Reads constituency parses from the WSJ part of the Penn Tree Bank from the LDC. This DatasetReader is designed for use with a span labelling model, so it enumerates all possible spans in the sentence and returns them, along with gold labels for the relevant spans present in a gold tree, if provided.

Parameters

  • token_indexers : Dict[str, TokenIndexer], optional (default = {"tokens": SingleIdTokenIndexer()})
    We use this to define the input representation for the text. See TokenIndexer. Note that the output tags will always correspond to single token IDs based on how they are pre-tokenised in the data file.
  • use_pos_tags : bool, optional (default = True)
    Whether or not the instance should contain gold POS tags as a field.
  • convert_parentheses : bool, optional (default = False)
    Whether or not to convert special PTB parentheses tokens (e.g., "-LRB-") to the corresponding parentheses tokens (i.e., "(").
  • label_namespace_prefix : str, optional (default = "")
    Prefix used for the label namespace.
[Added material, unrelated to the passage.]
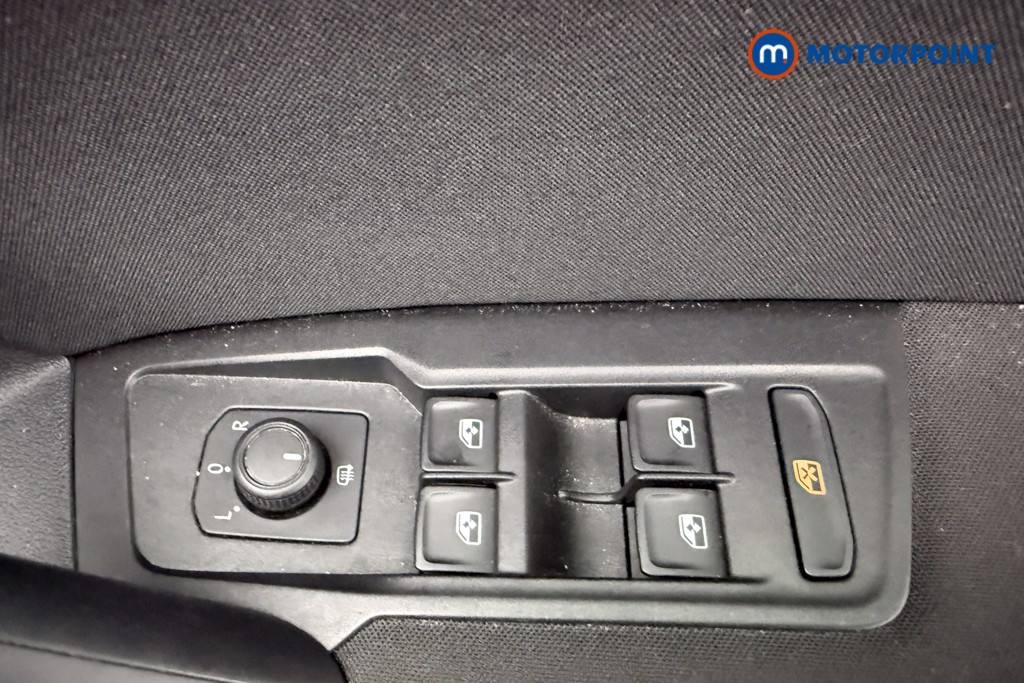 Volkswagen Tiguan Life Manual Petrol SUV - Stock Number (1652051) - 19th supplementary image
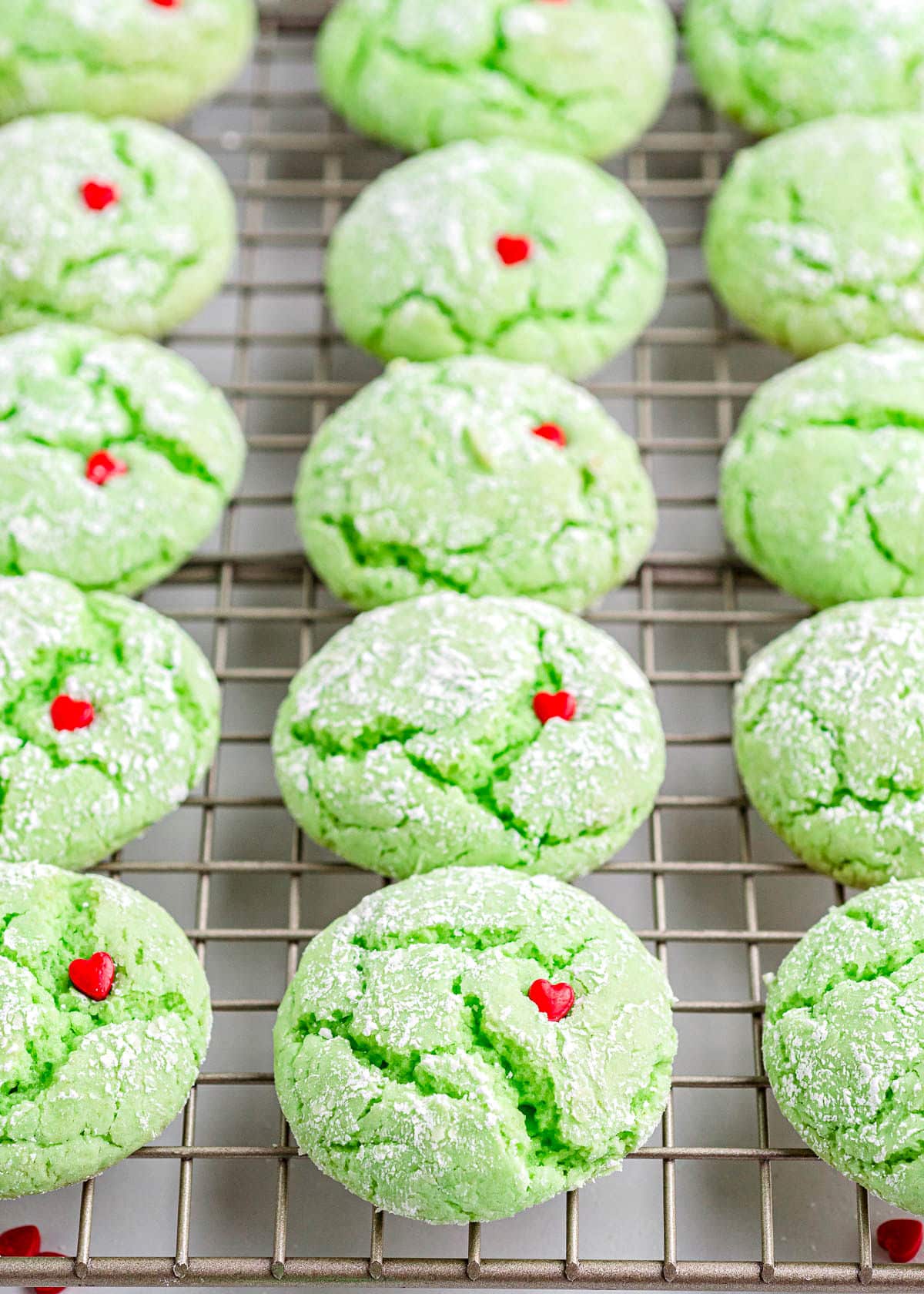 https://www.momontimeout.com/wp-content/uploads/2021/12/grinch-cookies-cooling-rack.jpeg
The span_labels will use namespace label_namespace_prefix + 'labels', and if using POS tags their namespace is label_namespace_prefix + pos_label_namespace.
  • pos_label_namespace : str, optional (default = "pos")
    The POS tag namespace is label_namespace_prefix + pos_label_namespace.

text_to_instance#

class PennTreeBankConstituencySpanDatasetReader(DatasetReader):
 | ...
 | @overrides
 | def text_to_instance(
 |     self,
 |     tokens: List[str],
 |     pos_tags: List[str] = None,
 |     gold_tree: Tree = None
 | ) -> Instance

We take pre-tokenized input here, because we don't have a tokenizer in this class.

Parameters

  • tokens : List[str]
    The tokens in a given sentence.
  • pos_tags : List[str], optional (default = None)
    The POS tags for the words in the sentence.
  • gold_tree : Tree, optional (default = None)
    The gold parse tree to create span labels from.

Returns

  • An Instance containing the following fields:
    tokens : TextField The tokens in the sentence. pos_tags : SequenceLabelField The POS tags of the words in the sentence. Only returned if use_pos_tags is True spans : ListField[SpanField] A ListField containing all possible subspans of the sentence. span_labels : SequenceLabelField, optional. The constituency tags for each of the possible spans, with respect to a gold parse tree. If a span is not contained within the tree, a span will have a NO-LABEL label. gold_tree : MetadataField(Tree) The gold NLTK parse tree for use in evaluation.